Specifically, instructions and/or operations, controlled by the processor 202 of the second wireless device 200 and stored in the memory 204 of the second wireless device 200, according to an embodiment of the present disclosure will now be described.


Although the following operations will be described based on a control operation of the processor 202 in terms of the processor 202, software code for performing such an operation may be stored in the memory 204. For example, in the present disclosure, the at least one memory 204 may store instructions or programs as a computer-readable storage medium. The instructions or the programs may cause, when executed, at least one processor operably connected to the at least one memory to perform operations according to embodiments or implementations of the present disclosure, related to the following operations.

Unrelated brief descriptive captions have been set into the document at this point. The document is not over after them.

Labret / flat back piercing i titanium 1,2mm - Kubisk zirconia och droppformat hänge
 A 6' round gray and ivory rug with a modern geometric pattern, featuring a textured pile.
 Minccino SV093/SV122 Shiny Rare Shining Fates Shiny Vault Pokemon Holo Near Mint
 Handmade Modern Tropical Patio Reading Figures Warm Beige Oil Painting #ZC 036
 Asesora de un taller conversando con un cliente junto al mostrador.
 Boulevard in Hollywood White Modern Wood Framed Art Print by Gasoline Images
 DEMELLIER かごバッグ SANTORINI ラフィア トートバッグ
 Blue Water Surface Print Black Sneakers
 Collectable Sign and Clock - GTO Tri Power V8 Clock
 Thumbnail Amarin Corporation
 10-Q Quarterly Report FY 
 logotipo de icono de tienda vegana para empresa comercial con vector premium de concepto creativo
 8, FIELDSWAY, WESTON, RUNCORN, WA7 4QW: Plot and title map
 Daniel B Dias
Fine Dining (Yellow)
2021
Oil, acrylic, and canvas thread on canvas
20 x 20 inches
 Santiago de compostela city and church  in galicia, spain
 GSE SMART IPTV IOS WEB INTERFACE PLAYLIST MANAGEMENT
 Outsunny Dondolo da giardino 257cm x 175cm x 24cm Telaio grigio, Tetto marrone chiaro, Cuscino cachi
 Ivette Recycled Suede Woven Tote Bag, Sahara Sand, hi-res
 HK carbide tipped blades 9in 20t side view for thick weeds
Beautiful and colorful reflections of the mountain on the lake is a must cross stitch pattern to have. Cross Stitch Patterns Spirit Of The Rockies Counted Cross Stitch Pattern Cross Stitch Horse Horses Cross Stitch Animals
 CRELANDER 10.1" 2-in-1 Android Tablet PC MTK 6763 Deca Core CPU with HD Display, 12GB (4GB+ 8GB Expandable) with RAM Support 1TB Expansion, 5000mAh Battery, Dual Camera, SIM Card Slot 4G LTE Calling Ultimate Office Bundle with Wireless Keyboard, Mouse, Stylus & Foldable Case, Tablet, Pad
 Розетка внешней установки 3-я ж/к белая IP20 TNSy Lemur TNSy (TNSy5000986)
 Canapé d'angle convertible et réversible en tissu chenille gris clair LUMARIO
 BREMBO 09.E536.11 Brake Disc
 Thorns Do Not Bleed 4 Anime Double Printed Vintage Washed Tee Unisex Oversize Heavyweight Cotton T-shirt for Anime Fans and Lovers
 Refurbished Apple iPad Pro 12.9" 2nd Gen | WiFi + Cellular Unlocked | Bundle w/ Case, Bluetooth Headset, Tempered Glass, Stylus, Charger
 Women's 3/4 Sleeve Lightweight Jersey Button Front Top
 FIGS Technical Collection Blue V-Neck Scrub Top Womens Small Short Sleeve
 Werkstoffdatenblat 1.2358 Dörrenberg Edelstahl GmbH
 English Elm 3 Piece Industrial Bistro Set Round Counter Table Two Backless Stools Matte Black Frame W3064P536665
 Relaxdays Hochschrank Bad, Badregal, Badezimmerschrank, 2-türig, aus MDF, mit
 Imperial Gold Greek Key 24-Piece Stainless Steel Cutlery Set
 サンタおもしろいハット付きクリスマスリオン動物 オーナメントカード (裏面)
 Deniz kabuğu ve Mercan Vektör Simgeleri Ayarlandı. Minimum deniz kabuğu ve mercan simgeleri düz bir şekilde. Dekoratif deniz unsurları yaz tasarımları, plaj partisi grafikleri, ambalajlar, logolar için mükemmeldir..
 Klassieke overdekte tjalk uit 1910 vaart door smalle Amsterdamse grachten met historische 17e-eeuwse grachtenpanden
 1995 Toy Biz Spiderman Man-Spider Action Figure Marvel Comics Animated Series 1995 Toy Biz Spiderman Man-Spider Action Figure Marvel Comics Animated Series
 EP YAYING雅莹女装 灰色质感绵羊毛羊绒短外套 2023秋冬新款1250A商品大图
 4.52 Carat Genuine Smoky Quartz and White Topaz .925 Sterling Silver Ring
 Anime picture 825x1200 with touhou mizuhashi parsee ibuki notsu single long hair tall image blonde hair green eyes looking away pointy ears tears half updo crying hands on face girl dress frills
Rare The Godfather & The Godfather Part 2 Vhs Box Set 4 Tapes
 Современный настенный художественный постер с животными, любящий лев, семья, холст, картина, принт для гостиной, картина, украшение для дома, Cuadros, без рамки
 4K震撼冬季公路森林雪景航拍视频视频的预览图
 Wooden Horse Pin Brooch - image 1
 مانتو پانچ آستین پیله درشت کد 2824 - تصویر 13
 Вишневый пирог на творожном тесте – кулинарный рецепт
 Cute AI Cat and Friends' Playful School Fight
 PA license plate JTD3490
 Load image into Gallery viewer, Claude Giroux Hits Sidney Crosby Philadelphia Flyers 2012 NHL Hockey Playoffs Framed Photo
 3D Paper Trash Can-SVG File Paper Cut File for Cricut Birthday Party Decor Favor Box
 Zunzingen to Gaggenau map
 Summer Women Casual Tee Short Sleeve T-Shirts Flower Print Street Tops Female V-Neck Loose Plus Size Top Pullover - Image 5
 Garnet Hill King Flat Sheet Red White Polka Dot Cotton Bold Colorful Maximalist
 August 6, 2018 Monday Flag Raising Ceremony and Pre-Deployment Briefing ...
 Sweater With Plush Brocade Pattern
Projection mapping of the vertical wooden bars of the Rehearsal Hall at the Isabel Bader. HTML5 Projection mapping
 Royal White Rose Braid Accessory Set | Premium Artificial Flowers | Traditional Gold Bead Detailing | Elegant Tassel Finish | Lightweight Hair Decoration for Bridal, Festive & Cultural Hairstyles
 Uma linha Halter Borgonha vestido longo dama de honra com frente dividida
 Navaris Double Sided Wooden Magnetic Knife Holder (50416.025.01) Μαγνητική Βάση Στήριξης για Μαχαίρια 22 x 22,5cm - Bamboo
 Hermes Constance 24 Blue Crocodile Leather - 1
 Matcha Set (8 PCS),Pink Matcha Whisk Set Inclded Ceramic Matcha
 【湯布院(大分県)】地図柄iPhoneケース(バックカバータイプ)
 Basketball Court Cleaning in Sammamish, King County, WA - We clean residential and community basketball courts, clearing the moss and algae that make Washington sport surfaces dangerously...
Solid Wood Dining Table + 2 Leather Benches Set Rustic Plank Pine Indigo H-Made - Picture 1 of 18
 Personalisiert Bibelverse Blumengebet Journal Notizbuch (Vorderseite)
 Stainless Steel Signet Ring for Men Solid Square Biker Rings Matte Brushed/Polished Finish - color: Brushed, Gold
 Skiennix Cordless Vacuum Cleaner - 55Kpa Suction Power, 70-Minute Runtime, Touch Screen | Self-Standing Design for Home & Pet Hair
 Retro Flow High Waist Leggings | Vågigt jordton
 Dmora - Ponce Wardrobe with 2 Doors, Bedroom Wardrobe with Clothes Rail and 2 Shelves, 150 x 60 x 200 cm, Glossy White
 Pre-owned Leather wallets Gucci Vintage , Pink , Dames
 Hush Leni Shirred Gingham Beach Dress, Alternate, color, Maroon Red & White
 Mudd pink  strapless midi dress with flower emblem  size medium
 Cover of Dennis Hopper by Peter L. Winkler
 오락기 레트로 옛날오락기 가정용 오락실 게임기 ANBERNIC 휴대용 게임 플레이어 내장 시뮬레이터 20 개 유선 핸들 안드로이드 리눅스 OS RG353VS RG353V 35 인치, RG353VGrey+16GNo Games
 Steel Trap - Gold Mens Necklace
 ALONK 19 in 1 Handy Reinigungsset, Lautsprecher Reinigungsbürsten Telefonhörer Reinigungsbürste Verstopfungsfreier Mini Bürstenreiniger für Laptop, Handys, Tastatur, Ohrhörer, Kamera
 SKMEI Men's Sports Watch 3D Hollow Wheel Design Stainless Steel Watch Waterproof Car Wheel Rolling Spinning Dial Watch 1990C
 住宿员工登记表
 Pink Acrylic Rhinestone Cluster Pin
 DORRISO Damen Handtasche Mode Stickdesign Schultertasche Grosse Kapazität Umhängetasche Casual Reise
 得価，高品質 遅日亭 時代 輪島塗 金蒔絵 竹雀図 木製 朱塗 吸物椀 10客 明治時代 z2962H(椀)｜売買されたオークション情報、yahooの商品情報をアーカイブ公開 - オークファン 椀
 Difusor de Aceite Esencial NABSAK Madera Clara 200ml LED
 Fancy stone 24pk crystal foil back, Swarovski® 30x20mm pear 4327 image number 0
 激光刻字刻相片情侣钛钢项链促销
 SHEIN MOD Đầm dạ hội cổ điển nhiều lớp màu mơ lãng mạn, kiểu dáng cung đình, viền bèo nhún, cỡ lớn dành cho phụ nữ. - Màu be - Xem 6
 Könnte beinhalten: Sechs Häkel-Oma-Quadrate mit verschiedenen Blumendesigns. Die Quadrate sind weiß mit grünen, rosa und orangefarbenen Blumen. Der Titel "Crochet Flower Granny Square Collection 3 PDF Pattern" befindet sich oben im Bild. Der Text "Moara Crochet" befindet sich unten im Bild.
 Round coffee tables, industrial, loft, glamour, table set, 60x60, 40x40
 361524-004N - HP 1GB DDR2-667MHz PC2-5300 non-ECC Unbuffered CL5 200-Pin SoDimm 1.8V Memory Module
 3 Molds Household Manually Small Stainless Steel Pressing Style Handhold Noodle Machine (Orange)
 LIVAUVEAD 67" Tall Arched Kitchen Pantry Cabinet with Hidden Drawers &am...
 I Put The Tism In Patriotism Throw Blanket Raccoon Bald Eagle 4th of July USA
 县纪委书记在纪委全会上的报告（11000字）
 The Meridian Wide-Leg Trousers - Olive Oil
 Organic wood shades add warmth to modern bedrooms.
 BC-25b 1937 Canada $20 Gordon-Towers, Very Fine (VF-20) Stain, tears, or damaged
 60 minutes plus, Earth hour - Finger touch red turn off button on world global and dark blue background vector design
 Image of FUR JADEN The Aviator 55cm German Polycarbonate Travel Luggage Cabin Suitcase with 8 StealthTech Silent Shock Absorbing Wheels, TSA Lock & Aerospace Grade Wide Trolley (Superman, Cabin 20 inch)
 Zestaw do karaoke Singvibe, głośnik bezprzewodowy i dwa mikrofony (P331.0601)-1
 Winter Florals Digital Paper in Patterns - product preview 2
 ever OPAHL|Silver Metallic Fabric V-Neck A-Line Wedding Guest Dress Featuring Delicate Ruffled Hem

For example, the processor(s) 202 may control the transceiver(s) 206 to transmit an RRC signal including information related to PDCCH monitoring adaptation. For example, the information included in the RRC signal may be based on at least one of [Embodiment #1] to [Embodiment #4] described above.


The processor(s) 202 may control the transceiver(s) 206 to transmit DCI that indicates PDCCH monitoring adaptation. For example, the DCI may indicate an operation related to PDCCH monitoring adaptation based on at least one of [Embodiment #1] to [Embodiment #4] described above.


The processor(s) 202 may control the transceiver(s) 206 to transmit a PDCCH based on indicated PDCCH monitoring adaptation. For example, the processor(s) 202 may control the transceiver(s) 206 to transmit the PDCCH based on at least one of [Embodiment #1] to [Embodiment #4] described above.


Now, hardware elements of the wireless devices 100 and 200 will be described in greater detail. One or more protocol layers may be implemented by, not limited to, one or more processors 102 and 202. For example, the one or more processors 102 and 202 may implement one or more layers (e.g., functional layers such as physical (PHY), medium access control (MAC), radio link control (RLC), packet data convergence protocol (PDCP), RRC, and service data adaptation protocol (SDAP)). The one or more processors 102 and 202 may generate one or more protocol data units (PDUs) and/or one or more service data Units (SDUs) according to the descriptions, functions, procedures, proposals, methods, and/or operation flowcharts disclosed in this document. The one or more processors 102 and 202 may generate messages, control information, data, or information according to the descriptions, functions, procedures, proposals, methods, and/or operation flowcharts disclosed in this document and provide the messages, control information, data, or information to one or more transceivers 106 and 206. The one or more processors 102 and 202 may generate signals (e.g., baseband signals) including PDUs, SDUs, messages, control information, data, or information according to the descriptions, functions, procedures, proposals, methods, and/or operation flowcharts disclosed in this document and provide the generated signals to the one or more transceivers 106 and 206. The one or more processors 102 and 202 may receive the signals (e.g., baseband signals) from the one or more transceivers 106 and 206 and acquire the PDUs, SDUs, messages, control information, data, or information according to the descriptions, functions, procedures, proposals, methods, and/or operation flowcharts disclosed in this document.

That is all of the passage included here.